The Generalized Schur Decomposition
The generalized Schur decomposition or QZ decomposition of a pair of square matrices, A and B simultaneously decomposes the matrices into the form
A = QSZ*,
and
B = QTZ*,
where S and T are upper (quasi-)triangular matrices called the Schur form, and Q and Z are orthogonal (unitary) matrices called the left and right Schur vectors. The diagonals of the matrices S and T contain the generalized eigenvalues of A and B.
The name QZ decomposition derives from this notation for the matrices that simultaneously triangularize A and B.
Working with Generalized Schur Decompositions
Generalized Schur decompositions are represented by the GeneralizedSchurDecomposition<T> class. It has no constructors. Instead, it is created by calling the GetSchurDecomposition method on the primary matrix (A). This method has two overloads. The first overload has one argument: the secondary matrix (B). Both matrices must be square. The second overload takes an additional Boolean argument that specifies whether the contents of the matrices may be destroyed during the calculation of the Schur decomposition.
var A = Matrix.Create(new double[,] {
{ 2, 5, 8, 7 },
{ 5, 2, 2, 8 },
{ 7, 5, 6, 6 },
{ 5, 4, 4, 1 }
});
var B = Matrix.Create(new double[,] {
{ 0, 6, 0, 0 },
{ 5, 0, 2, 1 },
{ 5, 2, 6, 6 },
{ 4, 7, 7, 7 }
});
var qz = A.GetSchurDecomposition(B);The Decompose method performs the actual decomposition. This method makes a copy of the matrix if necessary. It then calls the appropriate LAPACK routine to perform the actual decomposition. This method is called by other methods as needed. You will rarely need to call it explicitly.
Properties
Because real matrices may have complex eigenvalues and eigenvectors, the generalized Schur decomposition of real matrices deserves some special attention.
Real matrices
The SchurForm1 and SchurForm2 properties return the Schur forms, S and T of the matrices A and B, respectively. LeftSchurVectors and RightSchurVectors properties return the orthogonal (unitary) matrices, Q and Z.
var S = qz.SchurForm1;
var T = qz.SchurForm2;
var Q = qz.LeftSchurVectors;
var Z = qz.RightSchurVectors;Real matrices can have complex eigenvalues. In this case the Schur form of the first matrix and the Schur vectors will have complex entries. To avoid this, the real Schur form is computed instead. This is a quasi-triangular matrix with 2x2 blocks on the diagonal corresponding to pairs of complex conjugate eigenvalues. The Schur form for the second matrix is always upper triangular.
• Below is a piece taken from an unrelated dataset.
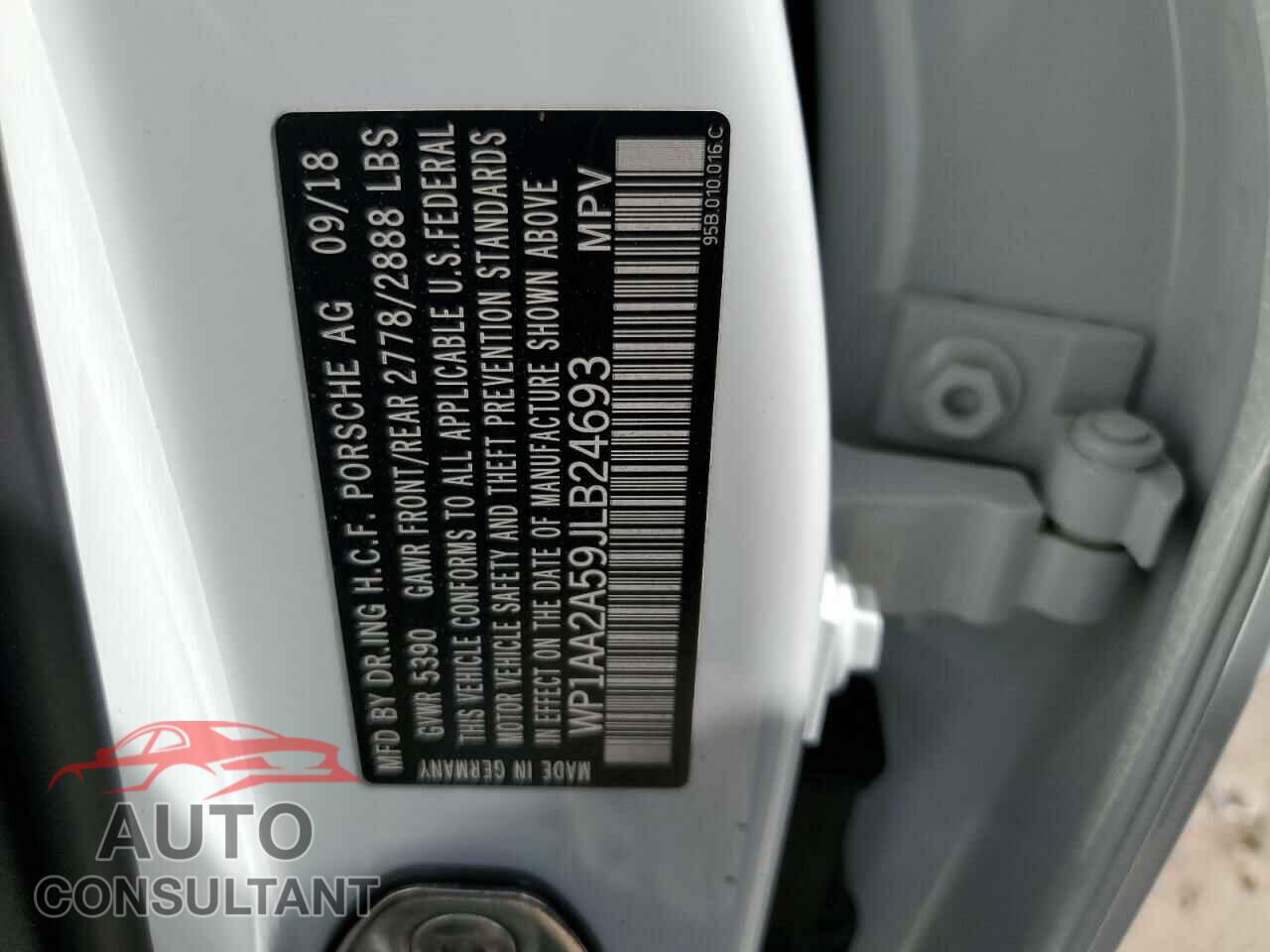 PORSCHE MACAN 2018 - WP1AA2A59JLB24693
For real matrices, the Eigenvalues property returns a vector of the real eigenvalues only. To get all eigenvalues, use the ComplexEigenvalues property.
Complex matrices
For complex matrices, both Schur forms are always upper triangular. The Eigenvalues property returns a vector containing the (complex) eigenvalues.
The ComplexEigenvalues property is meaningless for complex Schur decompositions.
Singular secondary matrices
If the secondary matrix B is singular, then one or more of the generalized eigenvalues of the pair is infinite. The generalized eigenvalues can also be returned as pairs whose quotient is the generalized eigenvalue. When the denominator of the quotient is zero, the generalized eigenvalue is infinite.
Three properties give access to the quotient form of the generalized eigenvalues. The EigenvalueDenominators property returns a vector containing the denominators of the quotients. For real matrices, it is always real. The EigenvalueNumerators property returns a vector containing the numerators of the quotients. As with the generalized eigenvalues themselves, this property only returns real numerators for real matrices. To access the the full set of numerators, use the ComplexEigenvalueNumerators property.